Missing the mountains of Deer Lodge and Western Montana, in 1960, she and Jack located a lot in the Grizzly Peak Mountain homes in the Beartooth foothills; the cabin would become her weekend and summer mountain escape. She would trail her children through ethnic grocery stores and the Festival of Nations in the mining town of Red Lodge. There, she and Jack met their cabin neighbors from Minneapolis who became ranch partners, Vince and Janet Carpenter, with whom they enjoyed a four-decade partnership.
She was an eclectic reader, a vigilant gardener, and an available confidant to any of her children or grandchildren who needed advice or wisdom. She placed the Cicero quote at her cabin: “If you have a garden and a library, you have everything you need.” For decades, she attended her local book club (whose selections were much in demand) with a gaggle of friends, introduced to her by Judy Johnson.
Jack died in 2007 and Anne flourished with a second wind of life at 2047 Pryor Lane until 2017 when she moved to Morningstar. “It was like being on a cruise ship,” she would say. She later enjoyed the compassionate care of its Reflections Memory Care Unit since February of 2021. “I intend to live long enough to be a problem to my children,” she would joke. The Dietrich family extends its heartfelt thanks for the help to the staff of Morningstar and Stillwater Hospice.

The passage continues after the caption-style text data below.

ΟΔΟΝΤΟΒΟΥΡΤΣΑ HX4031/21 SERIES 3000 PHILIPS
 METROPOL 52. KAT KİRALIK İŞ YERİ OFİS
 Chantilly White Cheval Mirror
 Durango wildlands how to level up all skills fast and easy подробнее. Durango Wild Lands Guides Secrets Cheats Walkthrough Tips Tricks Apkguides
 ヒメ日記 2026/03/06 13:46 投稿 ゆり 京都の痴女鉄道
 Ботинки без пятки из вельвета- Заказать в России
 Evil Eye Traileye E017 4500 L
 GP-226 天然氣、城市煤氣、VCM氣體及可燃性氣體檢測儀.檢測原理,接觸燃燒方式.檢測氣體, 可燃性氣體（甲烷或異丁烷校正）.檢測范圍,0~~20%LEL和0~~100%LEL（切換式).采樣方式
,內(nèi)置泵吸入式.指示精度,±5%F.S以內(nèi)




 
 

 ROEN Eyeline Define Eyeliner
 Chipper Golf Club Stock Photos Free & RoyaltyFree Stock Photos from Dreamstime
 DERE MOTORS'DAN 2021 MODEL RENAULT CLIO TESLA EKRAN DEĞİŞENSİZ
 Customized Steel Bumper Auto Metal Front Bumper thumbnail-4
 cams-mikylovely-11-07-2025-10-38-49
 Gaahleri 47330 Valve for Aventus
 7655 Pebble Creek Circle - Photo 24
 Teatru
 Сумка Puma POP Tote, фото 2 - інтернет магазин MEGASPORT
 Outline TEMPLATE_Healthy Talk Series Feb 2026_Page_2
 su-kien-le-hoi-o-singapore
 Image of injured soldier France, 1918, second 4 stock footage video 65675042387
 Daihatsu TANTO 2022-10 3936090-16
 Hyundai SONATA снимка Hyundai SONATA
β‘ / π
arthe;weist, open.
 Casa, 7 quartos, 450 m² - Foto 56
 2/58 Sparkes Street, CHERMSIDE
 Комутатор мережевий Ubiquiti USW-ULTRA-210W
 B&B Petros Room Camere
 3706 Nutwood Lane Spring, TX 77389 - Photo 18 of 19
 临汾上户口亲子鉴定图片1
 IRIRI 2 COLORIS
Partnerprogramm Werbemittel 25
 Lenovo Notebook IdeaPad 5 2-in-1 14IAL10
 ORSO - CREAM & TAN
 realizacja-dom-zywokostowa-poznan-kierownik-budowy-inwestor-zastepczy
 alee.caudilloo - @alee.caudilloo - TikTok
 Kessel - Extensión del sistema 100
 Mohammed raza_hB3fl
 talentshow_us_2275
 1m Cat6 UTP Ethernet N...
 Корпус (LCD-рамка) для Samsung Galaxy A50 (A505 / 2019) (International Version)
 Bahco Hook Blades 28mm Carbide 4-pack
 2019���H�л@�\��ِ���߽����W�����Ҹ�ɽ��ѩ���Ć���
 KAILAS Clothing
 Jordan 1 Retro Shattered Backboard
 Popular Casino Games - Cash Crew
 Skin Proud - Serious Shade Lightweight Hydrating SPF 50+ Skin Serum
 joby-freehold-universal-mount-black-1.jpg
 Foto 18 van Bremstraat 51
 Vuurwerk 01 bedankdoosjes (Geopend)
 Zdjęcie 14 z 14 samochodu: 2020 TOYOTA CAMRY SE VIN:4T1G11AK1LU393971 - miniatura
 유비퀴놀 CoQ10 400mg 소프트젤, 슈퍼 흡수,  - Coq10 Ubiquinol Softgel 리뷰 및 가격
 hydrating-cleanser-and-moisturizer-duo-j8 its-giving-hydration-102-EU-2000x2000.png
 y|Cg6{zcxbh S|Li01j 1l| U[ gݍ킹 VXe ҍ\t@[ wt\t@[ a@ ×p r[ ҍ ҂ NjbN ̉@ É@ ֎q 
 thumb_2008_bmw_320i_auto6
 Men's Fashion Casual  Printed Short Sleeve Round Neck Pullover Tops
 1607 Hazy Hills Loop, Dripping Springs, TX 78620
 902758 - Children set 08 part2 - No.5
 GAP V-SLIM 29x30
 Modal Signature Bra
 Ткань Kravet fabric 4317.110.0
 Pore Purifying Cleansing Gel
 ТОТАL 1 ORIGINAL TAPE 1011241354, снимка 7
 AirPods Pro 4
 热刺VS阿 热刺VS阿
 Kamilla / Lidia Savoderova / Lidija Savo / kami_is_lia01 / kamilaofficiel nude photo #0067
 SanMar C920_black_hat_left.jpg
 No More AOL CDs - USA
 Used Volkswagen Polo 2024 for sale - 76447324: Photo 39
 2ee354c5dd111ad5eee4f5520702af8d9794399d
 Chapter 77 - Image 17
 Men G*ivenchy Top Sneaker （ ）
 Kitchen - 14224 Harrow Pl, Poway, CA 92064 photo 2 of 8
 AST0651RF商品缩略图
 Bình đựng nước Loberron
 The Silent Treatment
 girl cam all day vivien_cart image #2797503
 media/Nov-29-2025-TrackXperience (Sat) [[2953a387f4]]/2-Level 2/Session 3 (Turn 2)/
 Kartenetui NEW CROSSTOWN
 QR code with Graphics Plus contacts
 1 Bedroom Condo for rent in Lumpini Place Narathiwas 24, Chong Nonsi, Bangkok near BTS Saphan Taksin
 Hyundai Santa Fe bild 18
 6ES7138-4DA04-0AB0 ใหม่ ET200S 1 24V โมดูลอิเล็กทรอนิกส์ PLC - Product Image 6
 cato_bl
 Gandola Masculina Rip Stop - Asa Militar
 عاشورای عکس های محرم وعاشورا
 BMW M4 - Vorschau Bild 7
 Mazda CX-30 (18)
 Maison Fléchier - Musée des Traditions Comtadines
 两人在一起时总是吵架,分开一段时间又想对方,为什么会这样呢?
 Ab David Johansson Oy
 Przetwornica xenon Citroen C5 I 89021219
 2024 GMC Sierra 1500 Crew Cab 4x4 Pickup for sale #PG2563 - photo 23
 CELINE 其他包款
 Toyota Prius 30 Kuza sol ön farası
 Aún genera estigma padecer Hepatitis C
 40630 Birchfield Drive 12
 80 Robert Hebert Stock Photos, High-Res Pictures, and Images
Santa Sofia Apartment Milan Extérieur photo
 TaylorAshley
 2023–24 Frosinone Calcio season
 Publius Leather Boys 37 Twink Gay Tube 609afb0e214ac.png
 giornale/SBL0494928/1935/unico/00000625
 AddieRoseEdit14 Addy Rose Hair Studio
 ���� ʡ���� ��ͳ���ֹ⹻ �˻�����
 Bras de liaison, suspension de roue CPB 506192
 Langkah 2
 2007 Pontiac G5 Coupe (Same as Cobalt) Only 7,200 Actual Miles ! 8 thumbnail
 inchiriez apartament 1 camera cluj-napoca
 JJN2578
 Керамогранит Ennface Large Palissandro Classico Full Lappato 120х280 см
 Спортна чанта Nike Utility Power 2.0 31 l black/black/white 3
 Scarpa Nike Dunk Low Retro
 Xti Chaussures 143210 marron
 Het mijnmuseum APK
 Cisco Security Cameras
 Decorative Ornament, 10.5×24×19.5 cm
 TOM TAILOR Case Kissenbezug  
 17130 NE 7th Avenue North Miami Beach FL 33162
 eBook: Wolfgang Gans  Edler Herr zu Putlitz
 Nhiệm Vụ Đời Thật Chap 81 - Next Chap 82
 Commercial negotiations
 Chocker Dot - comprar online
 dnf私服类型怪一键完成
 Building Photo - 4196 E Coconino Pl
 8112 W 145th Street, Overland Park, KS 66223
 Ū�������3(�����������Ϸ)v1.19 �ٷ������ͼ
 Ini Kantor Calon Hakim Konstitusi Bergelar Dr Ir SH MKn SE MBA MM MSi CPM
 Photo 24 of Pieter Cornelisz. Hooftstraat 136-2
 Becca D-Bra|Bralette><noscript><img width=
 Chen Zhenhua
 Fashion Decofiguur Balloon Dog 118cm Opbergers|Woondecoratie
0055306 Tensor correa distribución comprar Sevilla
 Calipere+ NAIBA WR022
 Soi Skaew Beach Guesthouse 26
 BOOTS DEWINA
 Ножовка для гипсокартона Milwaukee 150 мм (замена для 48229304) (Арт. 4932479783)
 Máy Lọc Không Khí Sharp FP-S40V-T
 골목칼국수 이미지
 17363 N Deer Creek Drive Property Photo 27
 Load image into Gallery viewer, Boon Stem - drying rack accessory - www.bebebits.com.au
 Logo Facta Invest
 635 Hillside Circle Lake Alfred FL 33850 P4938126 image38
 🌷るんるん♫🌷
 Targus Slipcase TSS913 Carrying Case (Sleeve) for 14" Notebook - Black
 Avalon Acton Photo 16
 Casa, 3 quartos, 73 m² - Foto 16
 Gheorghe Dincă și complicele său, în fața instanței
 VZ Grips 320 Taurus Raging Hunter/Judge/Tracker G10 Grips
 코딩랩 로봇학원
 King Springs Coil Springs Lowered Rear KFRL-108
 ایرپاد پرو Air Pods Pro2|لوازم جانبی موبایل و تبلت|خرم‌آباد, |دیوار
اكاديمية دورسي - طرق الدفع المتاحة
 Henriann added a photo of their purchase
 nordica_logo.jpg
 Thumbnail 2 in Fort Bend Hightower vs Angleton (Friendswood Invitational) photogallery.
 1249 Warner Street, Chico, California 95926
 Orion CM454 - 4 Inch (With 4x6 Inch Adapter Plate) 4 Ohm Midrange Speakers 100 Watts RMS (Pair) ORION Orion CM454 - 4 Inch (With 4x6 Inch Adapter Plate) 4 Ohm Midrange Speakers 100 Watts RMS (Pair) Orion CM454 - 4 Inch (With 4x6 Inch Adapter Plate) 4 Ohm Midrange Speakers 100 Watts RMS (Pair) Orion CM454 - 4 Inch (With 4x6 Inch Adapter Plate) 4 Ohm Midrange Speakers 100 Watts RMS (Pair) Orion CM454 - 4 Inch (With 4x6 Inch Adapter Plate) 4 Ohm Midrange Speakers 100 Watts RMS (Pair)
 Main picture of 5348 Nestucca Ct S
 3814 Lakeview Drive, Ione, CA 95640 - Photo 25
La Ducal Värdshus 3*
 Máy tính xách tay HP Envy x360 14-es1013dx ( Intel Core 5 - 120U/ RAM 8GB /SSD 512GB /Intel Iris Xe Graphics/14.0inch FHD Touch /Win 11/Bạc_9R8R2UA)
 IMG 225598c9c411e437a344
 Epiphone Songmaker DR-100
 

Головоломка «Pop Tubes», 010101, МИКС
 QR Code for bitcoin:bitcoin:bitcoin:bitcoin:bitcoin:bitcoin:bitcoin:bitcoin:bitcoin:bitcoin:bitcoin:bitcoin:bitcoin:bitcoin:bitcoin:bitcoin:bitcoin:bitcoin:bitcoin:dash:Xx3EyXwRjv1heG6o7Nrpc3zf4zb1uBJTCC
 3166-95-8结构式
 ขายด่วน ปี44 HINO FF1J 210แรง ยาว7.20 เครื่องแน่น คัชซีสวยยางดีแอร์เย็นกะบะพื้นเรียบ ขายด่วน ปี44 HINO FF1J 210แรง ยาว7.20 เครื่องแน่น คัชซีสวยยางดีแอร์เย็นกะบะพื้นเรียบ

Anne was preceded in death by her parents, Louis C. Kiefer and Etta Bauman Kiefer; her brother, Louis C. Kiefer; her husband, Jack Dietrich; and her beloved granddaughter, Natalie Anne Dietrich.
Anne is survived by her children, Paul, Janet (Dan Erikson), David (Jan), Suzy (Ryan Clarke) and Katja. Her beloved grandchildren were the light of her life: Christian (and wife Michelle) Dietrich (Paul’s son), Elizabeth Erikson (and husband Trapper Payne), Ellen Erikson (and husband Will Harris) and Zoë Erikson (Janet’s children), Rachel (David’s daughter), Megan (and husband Jon) Lovgren, Patrick and Bailey (Suzy’s children), and Jacob (Katja’s son).
Anne’s great-grandchildren Archer and Weston (Elizabeth), Finley and Addison (Megan) will grow to learn of Great Grannie Annie’s humor and wisdom.
She was a proud member of the Delta Gamma Sorority at the University of Montana, the Billings Chapter “S” P.E.O.; the Junior League of Billings and, in the 1990s, she served on the Fine Arts Board of the University of Montana. She also enjoyed working as a docent at the Yellowstone Art Museum.
A celebration of life will be at 11 a.m. Tuesday, Aug. 22, at Mayflower Church at 2940 Poly Drive , with a reception to follow.
In the words of Julie Andrews from The Sound of Music:
“So long, farewell, auf Wiedersehen, good night
I hate to go and leave this pretty sight
… So long, farewell, auf Wiedersehen, adieu
Adieu, adieu, to yieu and yieu and yieu”
In lieu of flowers, please consider a memorial to the Rialto Theater in Deer Lodge, the Billings Public Library Foundation, the Yellowstone Art Museum, The Mayflower Church, or a charity of your choice.